We request that urgent explicit directives and actions are publicly made to promote and protect the health and well-being of people with disability with particular regard to those who are supported by direct support providers. It is imperative that this is undertaken imminently for people living in congregate care arrangements where workers may come and go, and in some circumstances, where the premises may have multiple purposes. An example of this is a group home that was utilising a spare room as an informal respite service on an ad hoc basis.
Further to this we seek your urgent advice as to what procedures might be instigated if a number of people in shared care/living arrangements should become ill. Will they be sent to hospital? What measure will be implemented if people are confined to their homes? What protections will be implemented that do not in any way inhibit their rights to conduct their lives as other citizens in similar circumstances?
I look forward to your individual responses, so that I may convey them to other advocacy organisations across Queensland.
Yours sincerely,
Michelle O’Flynn
DIRECTOR | Queensland Advocacy Incorporated
Excellent reflection on the essential role of charities as employers and as providers of community infrastructure as well as important services. Very interesting suggestion that this is in fact a time to strengthen the charitable sector through investment leading to win win outcomes.
“What governments have repeatedly failed to recognise or accept is that the charities sector is the biggest employer in the country with over 1.3 million people employed across the sector.”
This figure is bandied about without any reference as to how it can be verified. Health Care and Social Assistance is the largest industry in Australia according to the census, (Labour force, detailed, quarterly, Nov 2017, cat. no. 6291.0.55.003) however, there are a total of 3 sub levels below this division.

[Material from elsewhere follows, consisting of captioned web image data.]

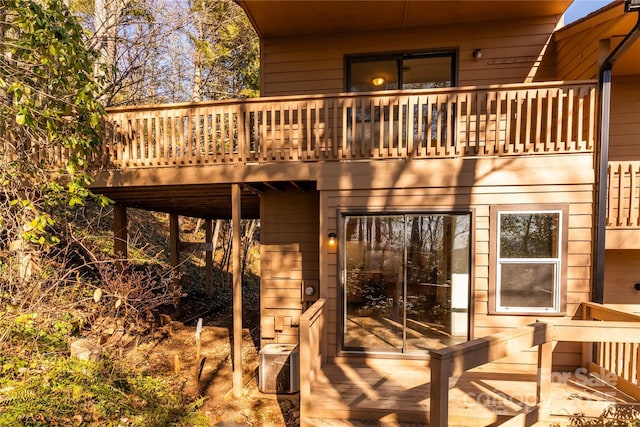 rear view of house with a wooden deck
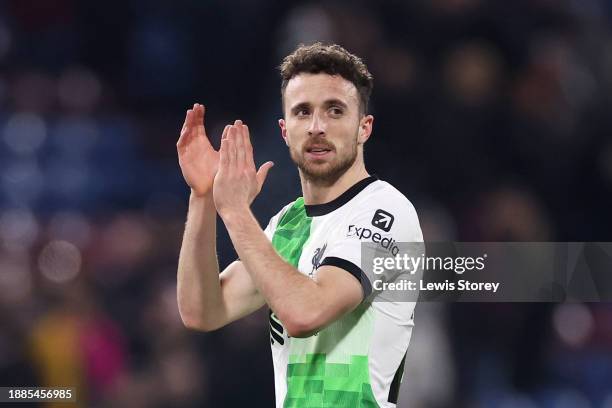 Diogo Jota of Liverpool applauds the fans after the team's victory in the Premier League match between Burnley FC and Liverpool FC at Turf Moor on...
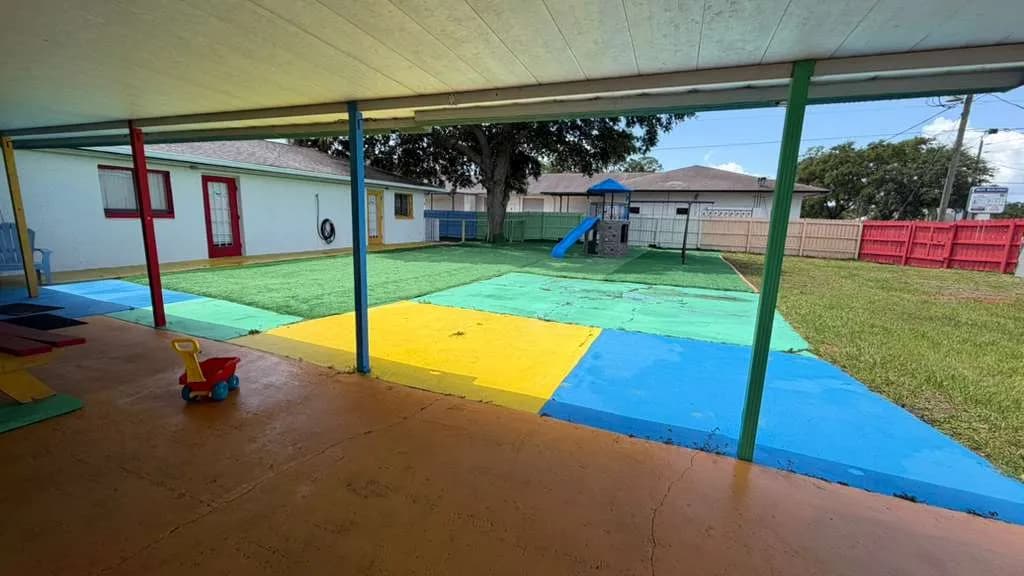 Covered outdoor play patio with colorful flooring at A Magic World Child Care Center in Palm Bay, FL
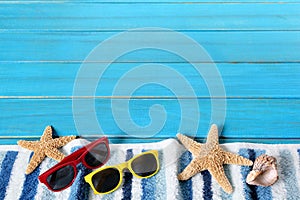 Summer beach border, starfish, sunglasses, blue wood, copy space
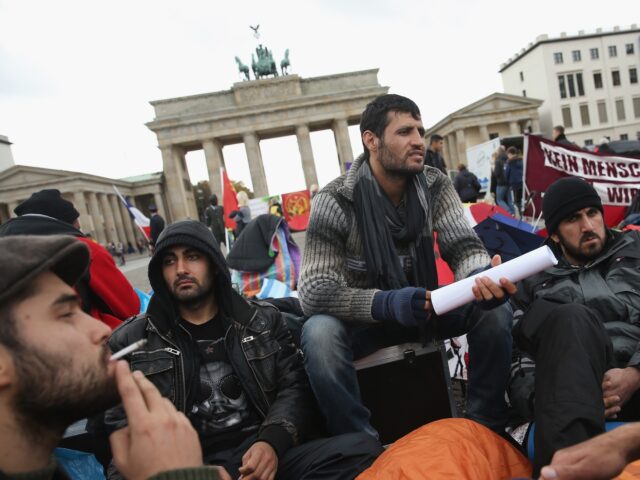 BERLIN, GERMANY - OCTOBER 17: Refugees from Iraq, Iran and Afghanistan keep warm on the 8t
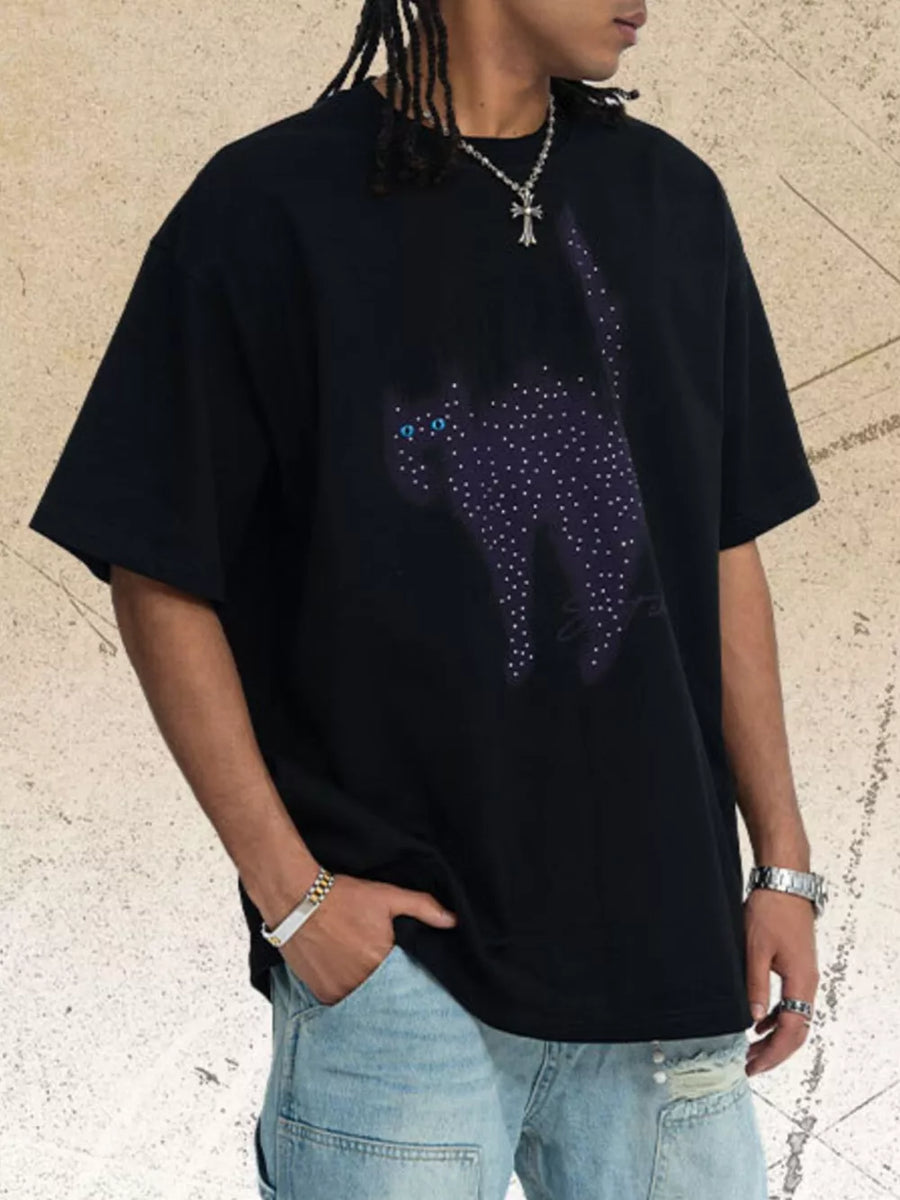 Black cotton t-shirt with a rhinestone cat graphic and blue eyes.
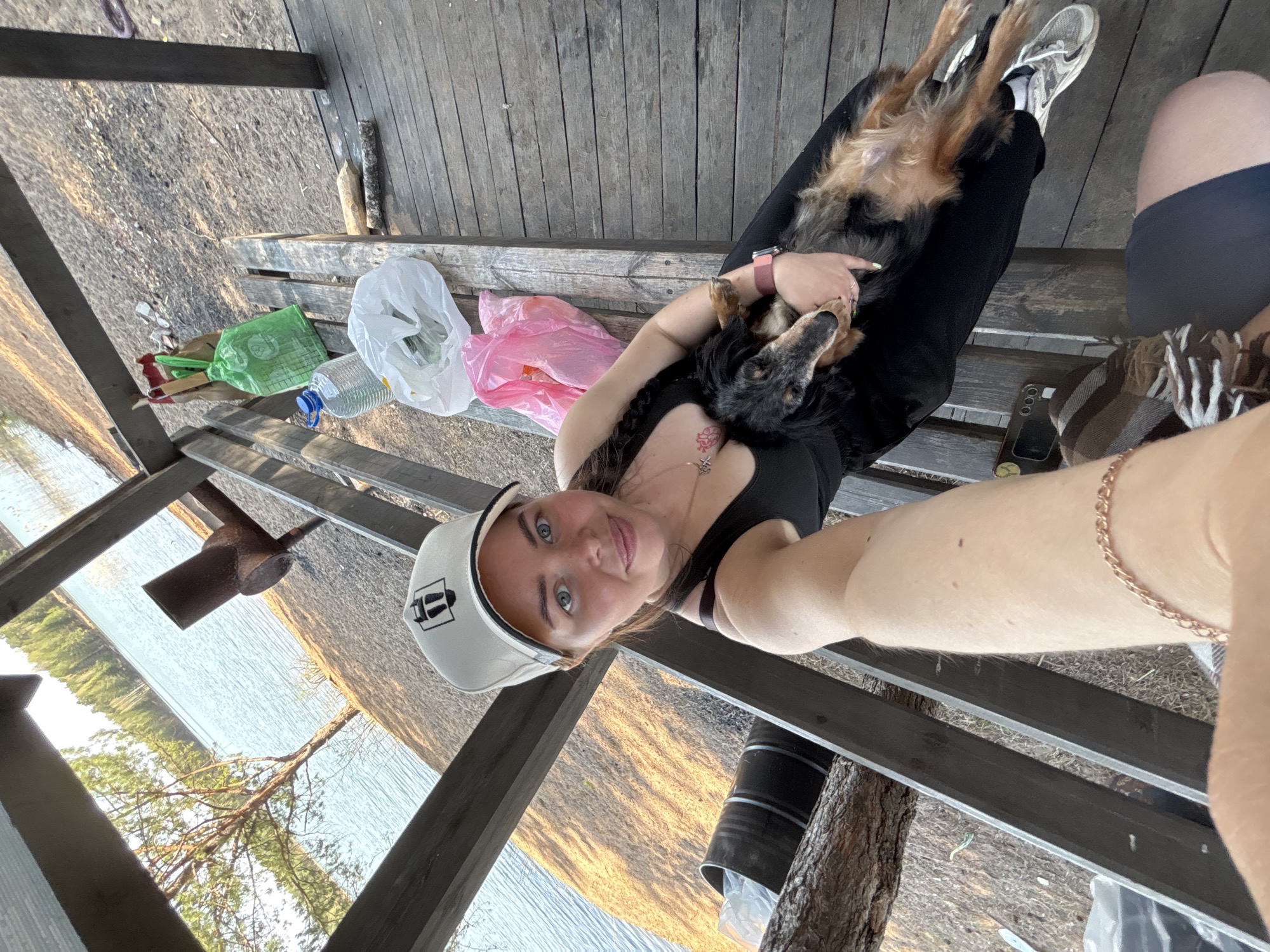 A rotated upward selfie photograph captures a woman and a dog on a wooden structure, possibly a deck or gazebo. The woman, wearing a black tank top and a white baseball cap, is holding the dog in her arms. The dog is small to medium-sized, with black and brown fur. The woman is also wearing a necklace, a bracelet, and sneakers.
Beside them, on the wooden surface, are various items, including plastic bags in white, green, and pink, and what appears to be a clear plastic bottle. The background shows a landscape with water and trees. The photograph seems to have been taken in Selychka, Russia, which appears in the geolocation data of the photograph.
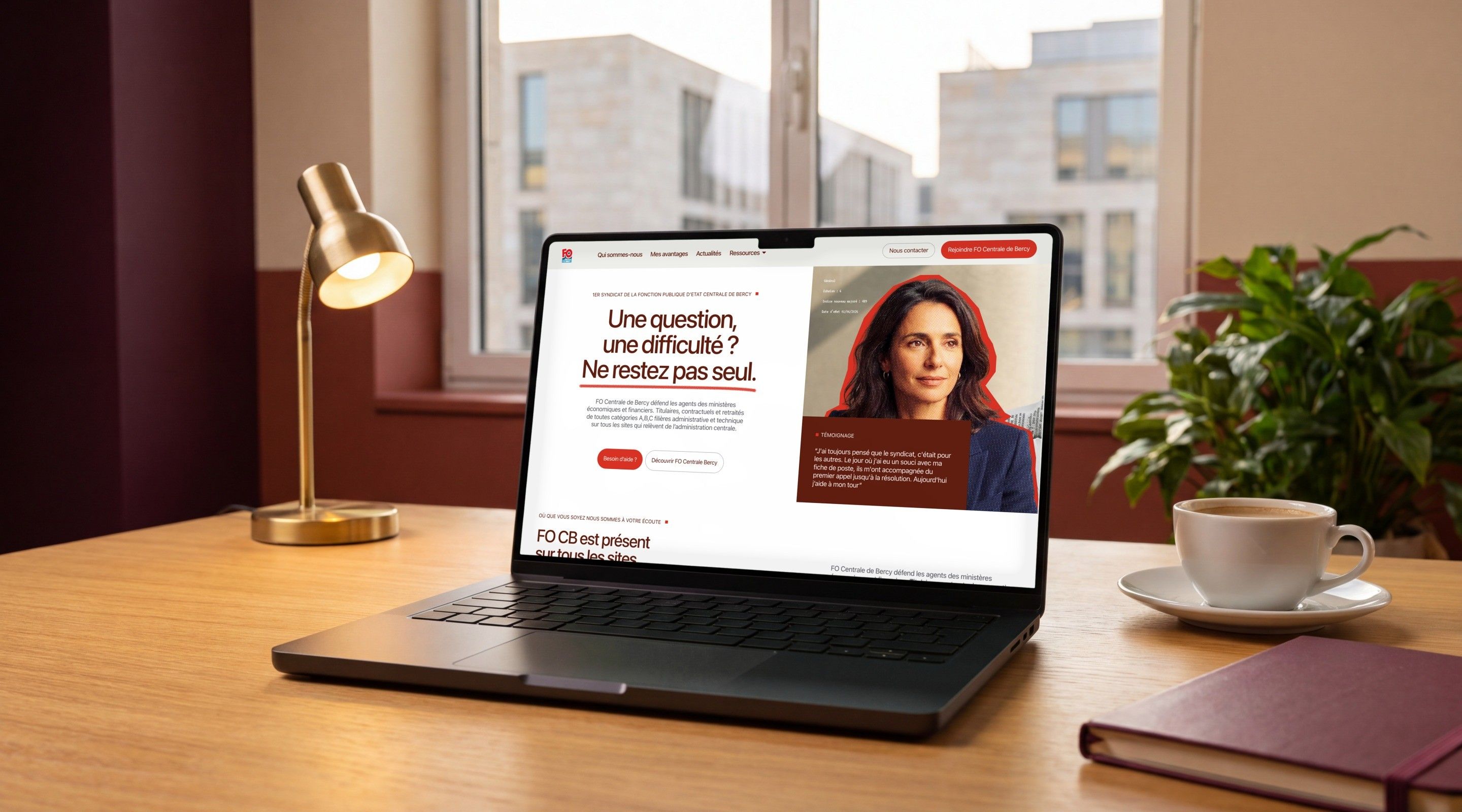 MacBook Pro open on the FO Centrale Bercy home page, “A question, a difficulty? Don't stay alone.”, on a wooden desk next to a lamp and a cup of coffee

The Health Care and Social Assistance area of the labour force of course includes many other participants in the workforce than those employed by charities. What exactly does Mr Crosbie mean by charities? Is he boosting the numbers of charity sector employees by including A N Z S I C (Q) classifications such as hospitals (including psychiatric hospitals), general practice and specialist medical services, dental services, pathology and diagnostic imaging services, allied health services etc? All of these are covered by the Health Care and Social Assistance industry. What is the real total?